→ **ACTIVITY**:
In the material below, find the line with "Xuxa mostra treino" and the line with "Woody Lace Mule Sandals - Black". Output exactly those two lines and all lines between them, leaving out pictures.

(RECORDS PROVIDED begins)

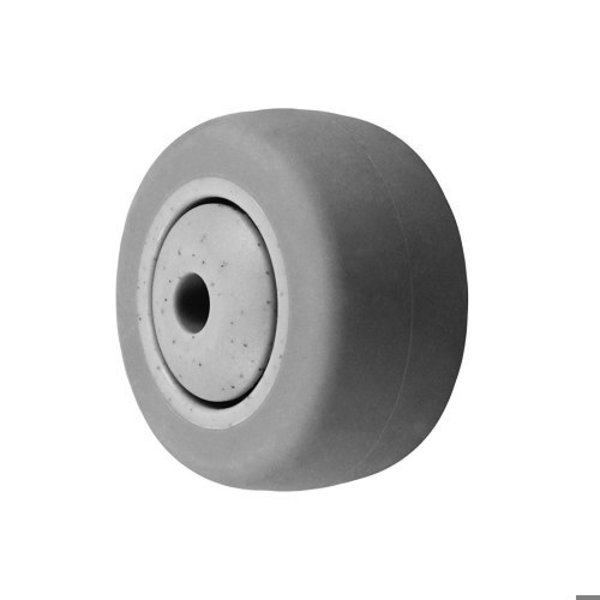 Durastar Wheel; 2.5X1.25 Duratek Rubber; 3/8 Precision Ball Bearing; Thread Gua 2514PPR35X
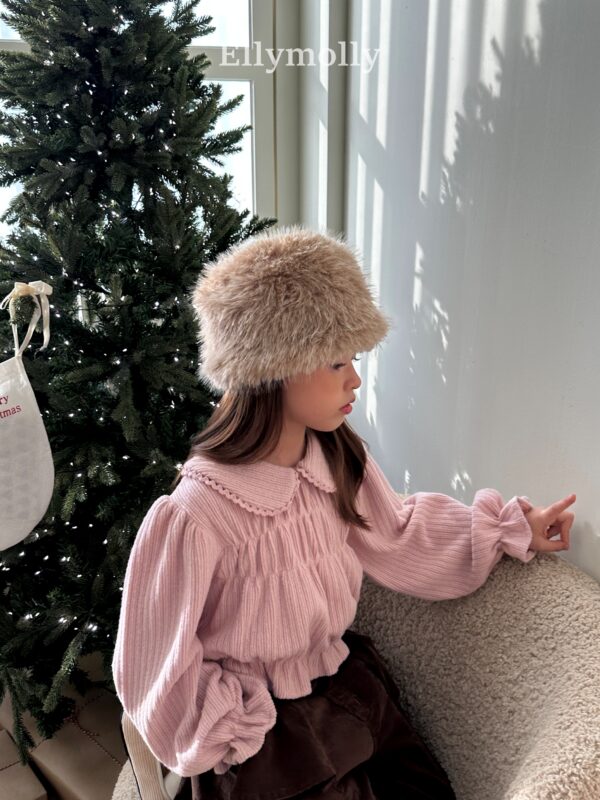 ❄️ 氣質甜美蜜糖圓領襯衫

(RECORDS PROVIDED ends)
(RECORDS PROVIDED begins)

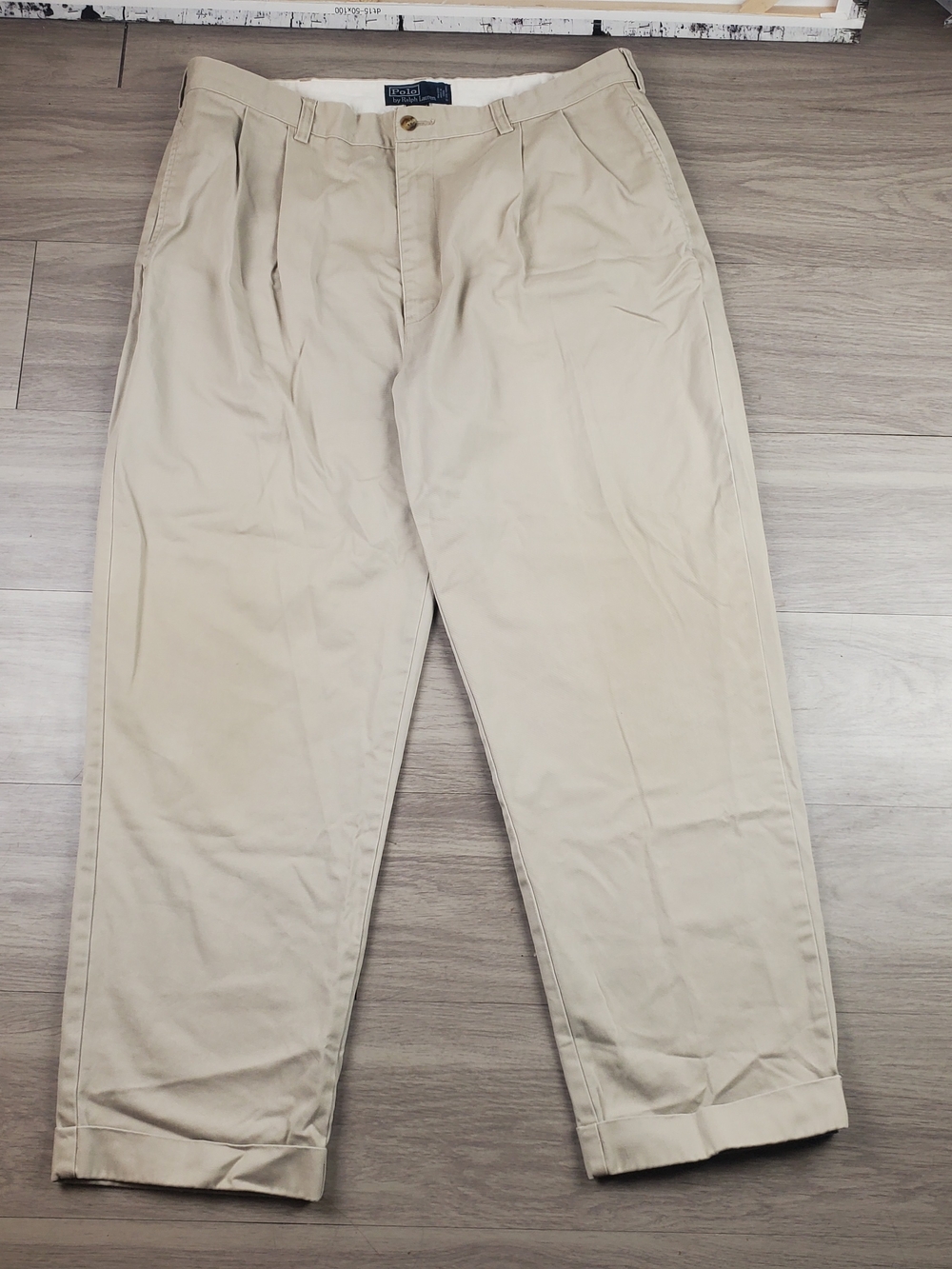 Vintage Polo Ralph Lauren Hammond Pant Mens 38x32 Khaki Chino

(RECORDS PROVIDED ends)
(RECORDS PROVIDED begins)

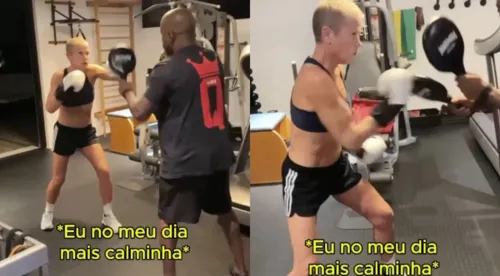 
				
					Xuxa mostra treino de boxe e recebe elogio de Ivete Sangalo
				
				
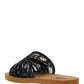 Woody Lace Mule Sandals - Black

(RECORDS PROVIDED ends)

→ **SOLVED PROBLEM**:
					Xuxa mostra treino de boxe e recebe elogio de Ivete Sangalo
				
				
 Woody Lace Mule Sandals - Black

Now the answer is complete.